*Exercise description:*
With both ends included, repeat exactly the lines of the entries below from the one containing "-AmazingBlonde- webcam" down to the one containing "109 Southampton DR - Photo 3", and no others.

(Excerpts from a dataset)
# # # # # # #

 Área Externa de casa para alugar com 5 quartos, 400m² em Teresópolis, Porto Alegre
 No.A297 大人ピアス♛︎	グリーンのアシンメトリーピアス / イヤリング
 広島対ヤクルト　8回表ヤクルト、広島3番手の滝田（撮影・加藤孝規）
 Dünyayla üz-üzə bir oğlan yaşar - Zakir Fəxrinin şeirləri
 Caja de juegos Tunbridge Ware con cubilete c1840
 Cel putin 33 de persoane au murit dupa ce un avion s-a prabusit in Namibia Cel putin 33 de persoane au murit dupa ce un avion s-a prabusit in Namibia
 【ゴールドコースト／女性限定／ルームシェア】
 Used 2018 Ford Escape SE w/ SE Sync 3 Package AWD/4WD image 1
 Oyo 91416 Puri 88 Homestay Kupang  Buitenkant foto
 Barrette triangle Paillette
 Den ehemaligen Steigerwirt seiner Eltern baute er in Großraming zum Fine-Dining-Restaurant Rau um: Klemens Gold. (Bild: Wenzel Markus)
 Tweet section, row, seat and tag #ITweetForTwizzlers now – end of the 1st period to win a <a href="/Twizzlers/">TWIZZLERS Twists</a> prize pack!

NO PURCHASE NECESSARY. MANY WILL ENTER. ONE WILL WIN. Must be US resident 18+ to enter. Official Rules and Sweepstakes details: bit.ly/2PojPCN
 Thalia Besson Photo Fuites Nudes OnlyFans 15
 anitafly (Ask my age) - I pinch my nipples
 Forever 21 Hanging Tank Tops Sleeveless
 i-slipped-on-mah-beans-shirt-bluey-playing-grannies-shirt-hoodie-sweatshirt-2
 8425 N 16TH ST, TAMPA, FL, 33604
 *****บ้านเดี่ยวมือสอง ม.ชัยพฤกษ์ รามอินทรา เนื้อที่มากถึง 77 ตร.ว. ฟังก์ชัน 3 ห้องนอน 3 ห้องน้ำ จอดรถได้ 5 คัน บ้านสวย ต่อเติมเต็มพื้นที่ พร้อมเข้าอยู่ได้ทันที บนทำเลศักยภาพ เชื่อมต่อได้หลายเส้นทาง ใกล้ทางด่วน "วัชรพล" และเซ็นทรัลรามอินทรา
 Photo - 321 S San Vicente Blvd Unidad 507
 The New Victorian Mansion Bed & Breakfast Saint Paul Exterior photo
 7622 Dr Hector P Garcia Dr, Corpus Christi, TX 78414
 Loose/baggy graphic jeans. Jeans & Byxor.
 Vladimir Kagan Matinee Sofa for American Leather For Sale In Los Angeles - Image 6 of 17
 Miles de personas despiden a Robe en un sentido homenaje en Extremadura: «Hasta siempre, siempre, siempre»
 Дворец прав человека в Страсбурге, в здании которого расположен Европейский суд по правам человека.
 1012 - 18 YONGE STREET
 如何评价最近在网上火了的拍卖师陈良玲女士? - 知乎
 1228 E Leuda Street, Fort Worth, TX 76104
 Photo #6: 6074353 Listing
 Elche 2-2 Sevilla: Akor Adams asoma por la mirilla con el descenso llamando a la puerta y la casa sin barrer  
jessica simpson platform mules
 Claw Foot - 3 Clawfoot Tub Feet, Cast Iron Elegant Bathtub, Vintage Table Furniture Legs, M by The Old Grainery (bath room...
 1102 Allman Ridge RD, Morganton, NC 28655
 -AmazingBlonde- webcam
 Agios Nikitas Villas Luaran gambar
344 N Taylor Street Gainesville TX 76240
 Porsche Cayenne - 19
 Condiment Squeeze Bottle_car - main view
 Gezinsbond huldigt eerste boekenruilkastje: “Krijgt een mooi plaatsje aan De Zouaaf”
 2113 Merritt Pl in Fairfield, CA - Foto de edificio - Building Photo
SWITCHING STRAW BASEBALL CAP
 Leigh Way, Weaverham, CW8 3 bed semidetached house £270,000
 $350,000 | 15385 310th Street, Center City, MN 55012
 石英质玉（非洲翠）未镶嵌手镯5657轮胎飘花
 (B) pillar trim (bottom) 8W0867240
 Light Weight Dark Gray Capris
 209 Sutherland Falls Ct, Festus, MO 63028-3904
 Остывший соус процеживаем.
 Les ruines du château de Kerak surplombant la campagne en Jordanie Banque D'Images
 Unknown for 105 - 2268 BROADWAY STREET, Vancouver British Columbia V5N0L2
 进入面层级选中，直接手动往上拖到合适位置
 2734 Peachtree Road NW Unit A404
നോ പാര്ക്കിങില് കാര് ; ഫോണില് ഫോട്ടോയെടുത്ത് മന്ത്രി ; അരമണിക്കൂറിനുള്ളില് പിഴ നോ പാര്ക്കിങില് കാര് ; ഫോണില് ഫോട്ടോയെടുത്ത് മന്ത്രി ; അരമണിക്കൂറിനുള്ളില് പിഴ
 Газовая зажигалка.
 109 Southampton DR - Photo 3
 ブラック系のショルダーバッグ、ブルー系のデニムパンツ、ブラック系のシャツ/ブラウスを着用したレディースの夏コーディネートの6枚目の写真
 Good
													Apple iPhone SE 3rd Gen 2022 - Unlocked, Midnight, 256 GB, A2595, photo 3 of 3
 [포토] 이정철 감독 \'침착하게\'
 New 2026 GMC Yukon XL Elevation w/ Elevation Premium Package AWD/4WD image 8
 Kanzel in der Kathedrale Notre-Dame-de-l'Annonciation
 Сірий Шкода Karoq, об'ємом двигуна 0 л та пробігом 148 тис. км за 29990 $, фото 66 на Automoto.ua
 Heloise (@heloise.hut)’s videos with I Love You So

# # # # # # #

*Answer below:*
 -AmazingBlonde- webcam
 Agios Nikitas Villas Luaran gambar
344 N Taylor Street Gainesville TX 76240
 Porsche Cayenne - 19
 Condiment Squeeze Bottle_car - main view
 Gezinsbond huldigt eerste boekenruilkastje: “Krijgt een mooi plaatsje aan De Zouaaf”
 2113 Merritt Pl in Fairfield, CA - Foto de edificio - Building Photo
SWITCHING STRAW BASEBALL CAP
 Leigh Way, Weaverham, CW8 3 bed semidetached house £270,000
 $350,000 | 15385 310th Street, Center City, MN 55012
 石英质玉（非洲翠）未镶嵌手镯5657轮胎飘花
 (B) pillar trim (bottom) 8W0867240
 Light Weight Dark Gray Capris
 209 Sutherland Falls Ct, Festus, MO 63028-3904
 Остывший соус процеживаем.
 Les ruines du château de Kerak surplombant la campagne en Jordanie Banque D'Images
 Unknown for 105 - 2268 BROADWAY STREET, Vancouver British Columbia V5N0L2
 进入面层级选中，直接手动往上拖到合适位置
 2734 Peachtree Road NW Unit A404
നോ പാര്ക്കിങില് കാര് ; ഫോണില് ഫോട്ടോയെടുത്ത് മന്ത്രി ; അരമണിക്കൂറിനുള്ളില് പിഴ നോ പാര്ക്കിങില് കാര് ; ഫോണില് ഫോട്ടോയെടുത്ത് മന്ത്രി ; അരമണിക്കൂറിനുള്ളില് പിഴ
 Газовая зажигалка.
 109 Southampton DR - Photo 3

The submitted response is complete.